>>>

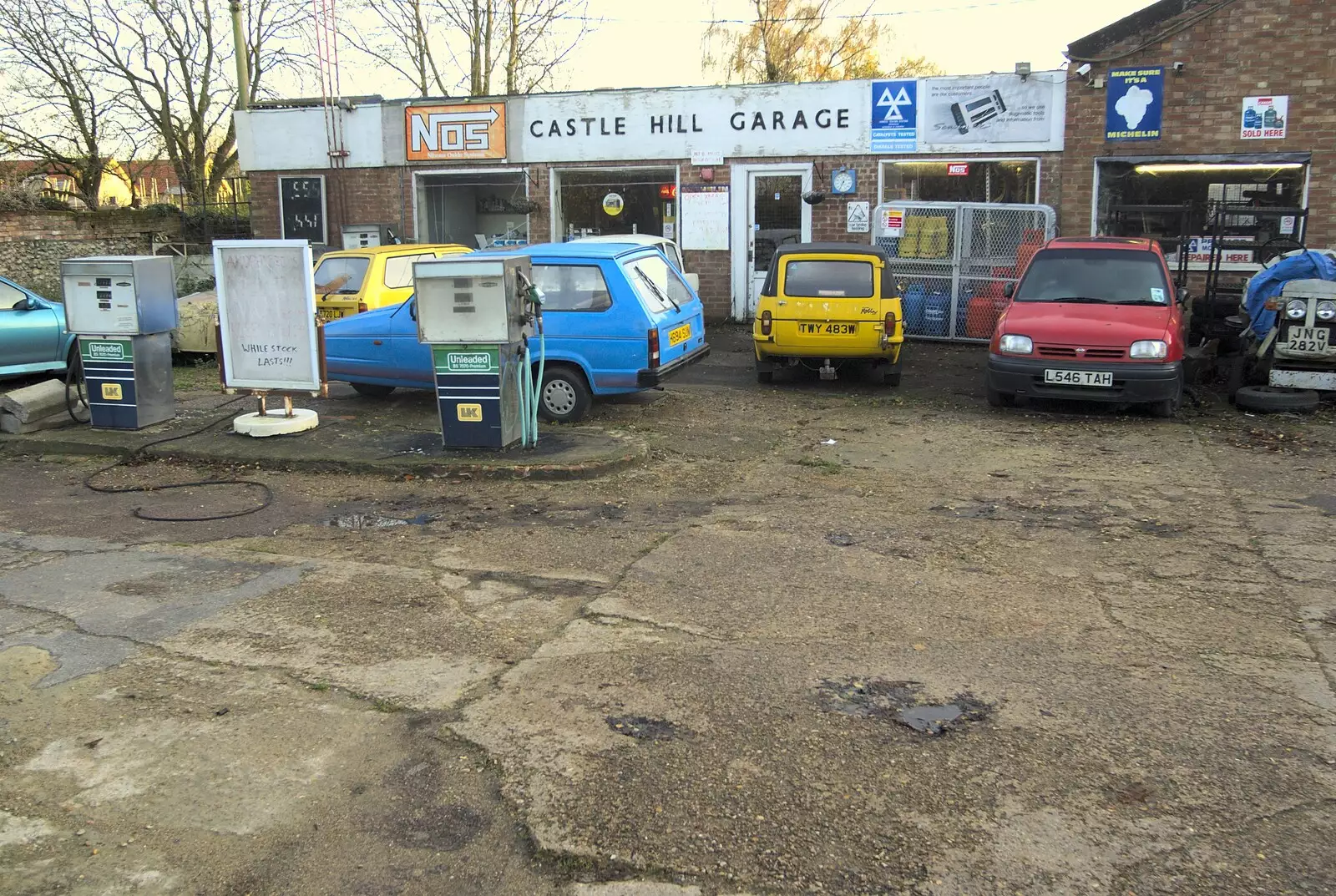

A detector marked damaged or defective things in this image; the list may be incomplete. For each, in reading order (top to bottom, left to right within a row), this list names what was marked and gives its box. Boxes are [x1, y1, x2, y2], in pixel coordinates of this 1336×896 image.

cracked concrete forecourt [3, 337, 1336, 895]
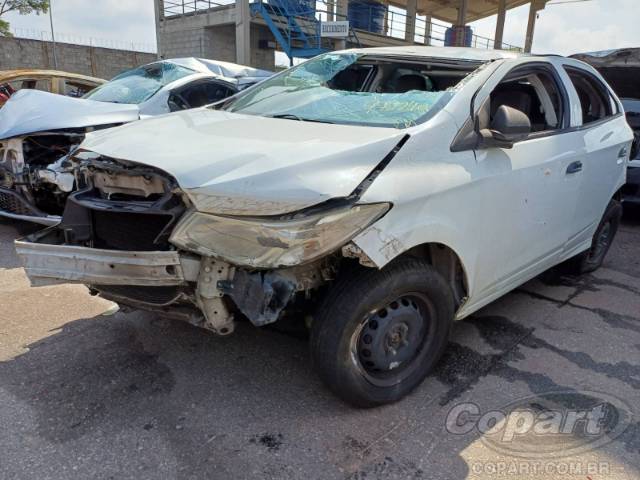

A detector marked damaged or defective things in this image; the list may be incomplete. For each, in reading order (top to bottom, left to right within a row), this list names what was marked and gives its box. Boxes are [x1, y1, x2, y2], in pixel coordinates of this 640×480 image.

crumpled hood [0, 89, 140, 140]
damaged car in background [0, 57, 272, 225]
damaged white car [0, 57, 272, 225]
crumpled hood [80, 109, 404, 215]
damaged white car [13, 47, 632, 404]
damaged car in background [13, 47, 632, 406]
damaged car in background [572, 48, 640, 204]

<<<

What to work on: Retype the line containing "this 640×480 image." and all the lines after it, ending with the final line of the material, exactly.

Reply:
A detector marked damaged or defective things in this image; the list may be incomplete. For each, in reading order (top to bottom, left to right within a row), this list names what was marked and gives its box. Boxes are [x1, y1, x2, y2], in pixel coordinates of this 640×480 image.

crumpled hood [0, 89, 140, 140]
damaged car in background [0, 57, 272, 225]
damaged white car [0, 57, 272, 225]
crumpled hood [80, 109, 404, 215]
damaged white car [13, 47, 632, 404]
damaged car in background [13, 47, 632, 406]
damaged car in background [572, 48, 640, 204]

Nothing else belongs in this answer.